§ TASK PROMPT
Restate word for word the lines below from the one that has "PVM Price Volume" through the one that has "AD7171 datasheet cover page", keeping both and dropping all pictures.

§ MATERIAL PROVIDED
---+---

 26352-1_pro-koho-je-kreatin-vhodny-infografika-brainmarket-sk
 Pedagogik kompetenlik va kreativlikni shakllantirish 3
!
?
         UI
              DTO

---+---

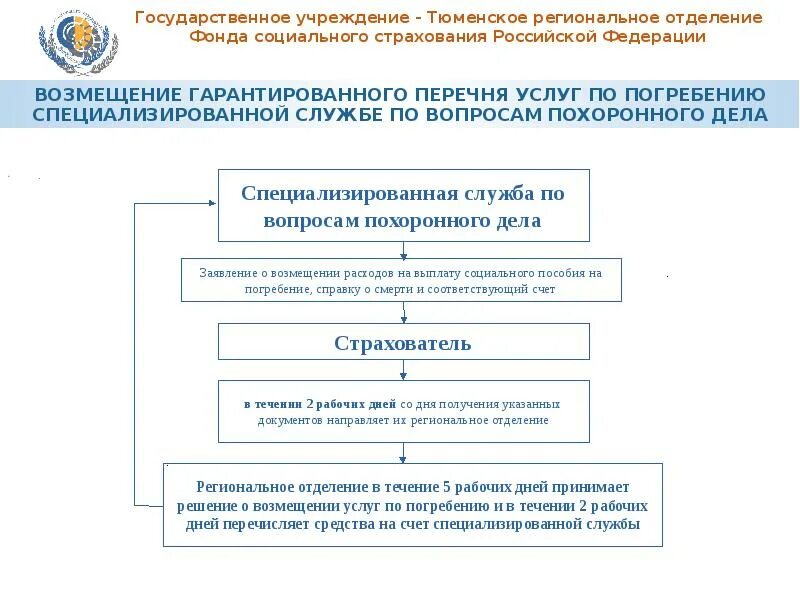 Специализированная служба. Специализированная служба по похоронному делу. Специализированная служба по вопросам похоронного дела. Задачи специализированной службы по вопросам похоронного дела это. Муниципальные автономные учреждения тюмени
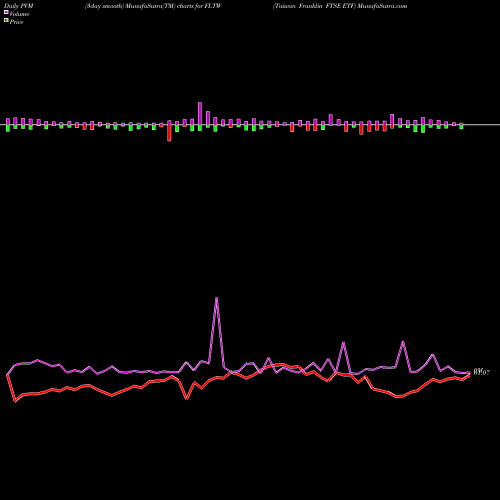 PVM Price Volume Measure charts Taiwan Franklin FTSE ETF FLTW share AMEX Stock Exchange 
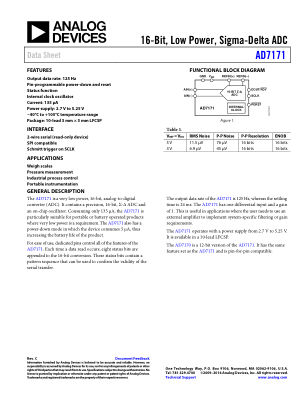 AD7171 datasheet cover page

---+---

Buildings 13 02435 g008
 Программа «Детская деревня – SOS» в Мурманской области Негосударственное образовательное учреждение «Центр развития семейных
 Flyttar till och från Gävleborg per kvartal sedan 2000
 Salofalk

---+---

§ RESPONSE TO THE EXERCISE
 PVM Price Volume Measure charts Taiwan Franklin FTSE ETF FLTW share AMEX Stock Exchange 
 AD7171 datasheet cover page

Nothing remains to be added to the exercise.